There is, as is always the case, something unsettlingly familiar about the world that Leckie creates. Though it is alien, it is not completely unrecognisable. In the second book Breq is given her own ship, the Mercy of Kalr, which knows that Breq is an ancillary. They travel to a distant planet where the sister of Lieutenant Awn lives. Breq cannot tell the sister who she is, and to everyone not in the know she merely appears to be a, somewhat untypical, Radchaai Fleet Captain. The planet around which the Radch station (another AI) orbits is used for tea production; the Radchaai have a real love of tea, it forms a basis for many of their social interactions. I think this was the point when I started to think about the Radchaai as the British Empire in space. There were many overlaps: the love of tea, the brutal colonisations based on technological superiority, the belief that they were bringing ‘civilisation’ to the people being colonised, the complex administrative structures they built to maintain control, the exploitation of the lands and people that they’d conquered. This aside, the second book is more intimate than the first. We learn more about Breq, less about Seivardan who seems to disappear into the background (a surprising move for such a key character), the story moves into the territory of strategy and intrigue, class warfare and exploitation of an ‘underclass’, created, of course, by those who hold influence and power.
Ancillary Justice, and later Ancillary Sword, fulfil all those things that are great about science fiction.

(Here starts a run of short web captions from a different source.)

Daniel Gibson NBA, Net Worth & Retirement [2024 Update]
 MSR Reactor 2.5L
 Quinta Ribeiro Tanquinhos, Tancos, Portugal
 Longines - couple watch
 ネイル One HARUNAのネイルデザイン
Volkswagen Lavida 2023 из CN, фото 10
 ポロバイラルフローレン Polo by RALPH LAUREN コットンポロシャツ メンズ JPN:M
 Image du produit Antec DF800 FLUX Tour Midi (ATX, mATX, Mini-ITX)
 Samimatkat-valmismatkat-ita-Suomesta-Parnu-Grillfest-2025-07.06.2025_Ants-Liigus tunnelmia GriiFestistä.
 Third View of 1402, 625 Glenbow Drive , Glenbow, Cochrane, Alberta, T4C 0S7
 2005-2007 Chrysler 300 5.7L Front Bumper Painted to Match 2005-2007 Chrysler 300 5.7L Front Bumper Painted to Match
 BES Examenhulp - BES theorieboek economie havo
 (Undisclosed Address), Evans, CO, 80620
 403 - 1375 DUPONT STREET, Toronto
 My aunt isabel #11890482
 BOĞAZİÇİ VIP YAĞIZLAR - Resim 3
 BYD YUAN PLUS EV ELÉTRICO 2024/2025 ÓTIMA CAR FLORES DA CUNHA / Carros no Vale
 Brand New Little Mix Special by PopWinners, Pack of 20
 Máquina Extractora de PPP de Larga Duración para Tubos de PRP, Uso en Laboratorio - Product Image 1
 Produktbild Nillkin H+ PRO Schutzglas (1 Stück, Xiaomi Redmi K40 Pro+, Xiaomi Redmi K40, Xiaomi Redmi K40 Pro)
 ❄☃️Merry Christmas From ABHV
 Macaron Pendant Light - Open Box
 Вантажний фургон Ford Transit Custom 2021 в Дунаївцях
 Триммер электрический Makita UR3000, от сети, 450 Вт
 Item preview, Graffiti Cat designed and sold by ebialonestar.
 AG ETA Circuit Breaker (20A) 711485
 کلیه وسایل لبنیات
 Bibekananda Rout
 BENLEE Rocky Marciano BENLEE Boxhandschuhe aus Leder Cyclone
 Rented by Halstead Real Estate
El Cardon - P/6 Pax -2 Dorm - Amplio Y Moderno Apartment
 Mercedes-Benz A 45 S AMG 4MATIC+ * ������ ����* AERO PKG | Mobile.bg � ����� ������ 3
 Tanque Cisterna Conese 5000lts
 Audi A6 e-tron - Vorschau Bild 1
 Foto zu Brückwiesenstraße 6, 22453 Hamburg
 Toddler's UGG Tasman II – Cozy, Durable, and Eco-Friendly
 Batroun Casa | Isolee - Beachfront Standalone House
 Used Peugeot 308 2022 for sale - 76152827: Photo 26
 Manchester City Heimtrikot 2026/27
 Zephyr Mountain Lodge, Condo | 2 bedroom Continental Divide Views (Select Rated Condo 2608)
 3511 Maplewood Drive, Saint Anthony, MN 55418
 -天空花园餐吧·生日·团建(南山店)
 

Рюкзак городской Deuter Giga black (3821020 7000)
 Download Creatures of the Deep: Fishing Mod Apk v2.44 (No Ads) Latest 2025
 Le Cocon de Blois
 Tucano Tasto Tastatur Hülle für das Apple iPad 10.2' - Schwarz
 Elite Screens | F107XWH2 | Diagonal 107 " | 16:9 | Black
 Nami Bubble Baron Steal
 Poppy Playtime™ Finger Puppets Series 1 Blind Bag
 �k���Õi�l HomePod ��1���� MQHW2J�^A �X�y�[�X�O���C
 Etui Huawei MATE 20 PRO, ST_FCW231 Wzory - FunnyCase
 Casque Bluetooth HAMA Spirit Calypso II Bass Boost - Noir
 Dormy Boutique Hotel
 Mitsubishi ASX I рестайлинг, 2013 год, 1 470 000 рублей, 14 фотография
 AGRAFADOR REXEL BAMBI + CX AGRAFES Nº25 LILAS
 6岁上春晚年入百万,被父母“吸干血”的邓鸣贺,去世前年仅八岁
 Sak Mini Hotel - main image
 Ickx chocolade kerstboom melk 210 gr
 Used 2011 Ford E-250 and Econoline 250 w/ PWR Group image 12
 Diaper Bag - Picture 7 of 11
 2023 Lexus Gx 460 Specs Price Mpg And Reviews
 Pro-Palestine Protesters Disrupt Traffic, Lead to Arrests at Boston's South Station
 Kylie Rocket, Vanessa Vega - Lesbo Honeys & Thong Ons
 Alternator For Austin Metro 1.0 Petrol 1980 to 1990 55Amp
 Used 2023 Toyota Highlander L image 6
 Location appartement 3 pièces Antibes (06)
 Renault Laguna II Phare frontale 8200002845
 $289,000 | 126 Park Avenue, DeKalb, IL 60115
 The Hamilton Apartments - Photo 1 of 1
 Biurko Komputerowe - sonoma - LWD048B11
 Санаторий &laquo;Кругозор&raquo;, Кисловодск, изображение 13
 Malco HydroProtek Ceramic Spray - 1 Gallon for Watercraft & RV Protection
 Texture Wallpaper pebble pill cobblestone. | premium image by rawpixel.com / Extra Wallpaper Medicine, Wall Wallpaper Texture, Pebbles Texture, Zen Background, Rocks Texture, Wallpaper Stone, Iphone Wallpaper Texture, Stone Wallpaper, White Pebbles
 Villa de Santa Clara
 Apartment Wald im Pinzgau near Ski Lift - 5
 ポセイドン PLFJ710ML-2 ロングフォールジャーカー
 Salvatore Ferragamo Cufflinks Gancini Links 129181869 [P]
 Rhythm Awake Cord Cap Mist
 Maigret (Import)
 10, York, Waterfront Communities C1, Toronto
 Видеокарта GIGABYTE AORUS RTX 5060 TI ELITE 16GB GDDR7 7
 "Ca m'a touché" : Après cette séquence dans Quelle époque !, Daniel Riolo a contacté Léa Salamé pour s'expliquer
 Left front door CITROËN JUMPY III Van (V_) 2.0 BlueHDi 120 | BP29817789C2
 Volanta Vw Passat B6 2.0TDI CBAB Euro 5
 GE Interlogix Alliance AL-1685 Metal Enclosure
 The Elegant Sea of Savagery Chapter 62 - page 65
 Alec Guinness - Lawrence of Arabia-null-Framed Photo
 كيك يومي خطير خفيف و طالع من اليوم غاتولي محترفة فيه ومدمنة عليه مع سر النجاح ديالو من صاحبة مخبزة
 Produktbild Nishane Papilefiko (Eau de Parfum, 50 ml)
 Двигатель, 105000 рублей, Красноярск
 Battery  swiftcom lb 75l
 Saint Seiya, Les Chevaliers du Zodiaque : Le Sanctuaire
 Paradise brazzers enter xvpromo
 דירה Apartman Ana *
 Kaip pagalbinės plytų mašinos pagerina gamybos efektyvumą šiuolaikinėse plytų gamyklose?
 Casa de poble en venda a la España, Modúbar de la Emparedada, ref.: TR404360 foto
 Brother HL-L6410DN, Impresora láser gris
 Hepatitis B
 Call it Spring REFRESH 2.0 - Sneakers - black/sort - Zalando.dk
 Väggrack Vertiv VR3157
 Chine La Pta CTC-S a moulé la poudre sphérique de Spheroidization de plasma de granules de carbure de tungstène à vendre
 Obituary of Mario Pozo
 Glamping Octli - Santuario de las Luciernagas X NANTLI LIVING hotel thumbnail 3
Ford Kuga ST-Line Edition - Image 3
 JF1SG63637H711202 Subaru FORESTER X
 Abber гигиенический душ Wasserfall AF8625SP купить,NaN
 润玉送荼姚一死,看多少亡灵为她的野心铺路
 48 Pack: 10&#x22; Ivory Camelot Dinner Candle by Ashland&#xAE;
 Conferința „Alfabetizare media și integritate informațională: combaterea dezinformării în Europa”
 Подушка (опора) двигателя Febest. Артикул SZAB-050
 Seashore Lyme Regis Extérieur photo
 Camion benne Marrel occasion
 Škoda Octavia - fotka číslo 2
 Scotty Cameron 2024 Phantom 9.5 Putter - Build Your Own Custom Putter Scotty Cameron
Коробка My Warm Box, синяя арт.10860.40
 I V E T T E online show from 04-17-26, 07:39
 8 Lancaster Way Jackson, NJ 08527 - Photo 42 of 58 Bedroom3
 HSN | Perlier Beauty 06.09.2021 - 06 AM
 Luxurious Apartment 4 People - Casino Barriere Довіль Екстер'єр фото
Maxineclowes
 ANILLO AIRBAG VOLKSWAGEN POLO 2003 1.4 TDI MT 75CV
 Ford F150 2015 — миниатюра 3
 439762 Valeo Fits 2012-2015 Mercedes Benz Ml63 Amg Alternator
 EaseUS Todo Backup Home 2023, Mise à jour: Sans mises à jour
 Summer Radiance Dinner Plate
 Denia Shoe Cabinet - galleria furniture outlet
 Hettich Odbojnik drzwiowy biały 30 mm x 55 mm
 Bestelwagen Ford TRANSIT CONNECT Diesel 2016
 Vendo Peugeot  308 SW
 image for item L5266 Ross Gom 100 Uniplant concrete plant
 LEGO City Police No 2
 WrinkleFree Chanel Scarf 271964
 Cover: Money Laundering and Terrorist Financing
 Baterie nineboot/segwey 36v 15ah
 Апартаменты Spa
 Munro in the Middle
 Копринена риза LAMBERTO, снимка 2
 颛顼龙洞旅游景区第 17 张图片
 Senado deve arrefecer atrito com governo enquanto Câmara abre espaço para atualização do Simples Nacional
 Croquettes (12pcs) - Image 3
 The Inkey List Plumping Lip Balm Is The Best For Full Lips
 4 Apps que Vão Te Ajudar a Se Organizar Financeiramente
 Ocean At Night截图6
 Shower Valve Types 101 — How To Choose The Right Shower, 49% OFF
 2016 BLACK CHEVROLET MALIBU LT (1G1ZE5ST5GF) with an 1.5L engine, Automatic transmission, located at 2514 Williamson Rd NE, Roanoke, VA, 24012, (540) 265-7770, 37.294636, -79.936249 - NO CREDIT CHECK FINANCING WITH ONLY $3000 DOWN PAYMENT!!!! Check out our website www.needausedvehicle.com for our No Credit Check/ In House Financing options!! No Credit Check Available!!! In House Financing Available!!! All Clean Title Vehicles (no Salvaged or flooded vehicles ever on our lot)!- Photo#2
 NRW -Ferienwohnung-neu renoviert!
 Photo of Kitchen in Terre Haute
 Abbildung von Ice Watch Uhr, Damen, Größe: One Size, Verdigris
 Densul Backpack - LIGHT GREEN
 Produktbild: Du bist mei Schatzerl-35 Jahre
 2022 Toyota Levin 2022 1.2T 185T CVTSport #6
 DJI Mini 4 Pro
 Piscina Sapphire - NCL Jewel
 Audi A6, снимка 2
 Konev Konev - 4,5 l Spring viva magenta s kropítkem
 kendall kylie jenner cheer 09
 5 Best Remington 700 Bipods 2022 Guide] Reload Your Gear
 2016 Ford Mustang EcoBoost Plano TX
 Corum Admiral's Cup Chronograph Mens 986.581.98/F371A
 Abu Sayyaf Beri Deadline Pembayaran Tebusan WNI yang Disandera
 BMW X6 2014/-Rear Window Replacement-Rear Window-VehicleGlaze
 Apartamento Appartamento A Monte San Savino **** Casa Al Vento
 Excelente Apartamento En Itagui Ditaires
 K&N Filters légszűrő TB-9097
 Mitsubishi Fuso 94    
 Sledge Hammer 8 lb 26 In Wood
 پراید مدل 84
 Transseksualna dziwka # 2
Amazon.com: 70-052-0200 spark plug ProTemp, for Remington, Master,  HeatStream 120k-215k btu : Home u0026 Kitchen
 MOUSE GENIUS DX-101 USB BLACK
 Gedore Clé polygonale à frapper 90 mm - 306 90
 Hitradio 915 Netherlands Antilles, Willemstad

By this I mean that the unfamiliar setting is used to explore more familiar human moral issues and ask us to confront them with a degree of personal distance. Leckie covers a lot of issues in these two books including imperialism, the question of ‘I was just following orders’, gender, racism, class. She asks us to confront what it means to be ‘human’ – if we do not have gender, are we human? If we have consciousness but are technologically based, are we human? Breq seems a very human character, yet Leckie is very clear that she is not and towards the end of the first book you are forced to question how much of Breq’s actions are of her own making and how much is programming? Is Breq really as ‘human’ as she seems, or is she still a tool of the Lord of the Radch? It is a question that, as at the end of the second book, I am still not sure about.
I read both Ancillary Justice and Ancillary Sword at breakneck speed. It’s a long time since I finished two books in four days, but that’s how engaging these stories are. It is complicated; I cannot begin to untangle the complexities in this short blog entry. It is vivid and realistic and it is extraordinarily true to itself. Alongside that is an engaging story, complex moral conundrums and a depth which leaves you a lot to think about afterwards. That’s what truly great science fiction does, and this is truly great science fiction. I’m very much looking forward to reading the third.
Ancillary Justice and Ancillary Sword receive an intrigued 8 out of 10 Biis.